(Data to use begins)

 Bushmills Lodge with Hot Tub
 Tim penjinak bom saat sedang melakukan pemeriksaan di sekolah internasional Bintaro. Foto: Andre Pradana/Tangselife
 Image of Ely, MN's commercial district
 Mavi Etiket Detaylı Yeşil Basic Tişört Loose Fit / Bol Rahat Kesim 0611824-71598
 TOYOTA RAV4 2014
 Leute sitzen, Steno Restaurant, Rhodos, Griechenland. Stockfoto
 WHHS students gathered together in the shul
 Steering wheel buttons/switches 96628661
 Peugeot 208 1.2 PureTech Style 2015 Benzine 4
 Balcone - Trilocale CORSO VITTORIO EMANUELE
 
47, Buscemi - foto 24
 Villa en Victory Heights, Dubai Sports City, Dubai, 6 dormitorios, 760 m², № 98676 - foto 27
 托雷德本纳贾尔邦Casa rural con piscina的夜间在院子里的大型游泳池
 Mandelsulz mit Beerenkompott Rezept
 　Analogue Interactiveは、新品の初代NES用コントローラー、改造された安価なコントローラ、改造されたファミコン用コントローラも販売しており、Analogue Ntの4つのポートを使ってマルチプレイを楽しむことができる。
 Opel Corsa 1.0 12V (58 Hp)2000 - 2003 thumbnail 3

(Data to use ends)

Retype exactly the lines from the start of the entries through the one with "Mandelsulz mit Beerenkompott Rezept"; include both ends.

■ **Reply to the task**:
 Bushmills Lodge with Hot Tub
 Tim penjinak bom saat sedang melakukan pemeriksaan di sekolah internasional Bintaro. Foto: Andre Pradana/Tangselife
 Image of Ely, MN's commercial district
 Mavi Etiket Detaylı Yeşil Basic Tişört Loose Fit / Bol Rahat Kesim 0611824-71598
 TOYOTA RAV4 2014
 Leute sitzen, Steno Restaurant, Rhodos, Griechenland. Stockfoto
 WHHS students gathered together in the shul
 Steering wheel buttons/switches 96628661
 Peugeot 208 1.2 PureTech Style 2015 Benzine 4
 Balcone - Trilocale CORSO VITTORIO EMANUELE
 
47, Buscemi - foto 24
 Villa en Victory Heights, Dubai Sports City, Dubai, 6 dormitorios, 760 m², № 98676 - foto 27
 托雷德本纳贾尔邦Casa rural con piscina的夜间在院子里的大型游泳池
 Mandelsulz mit Beerenkompott Rezept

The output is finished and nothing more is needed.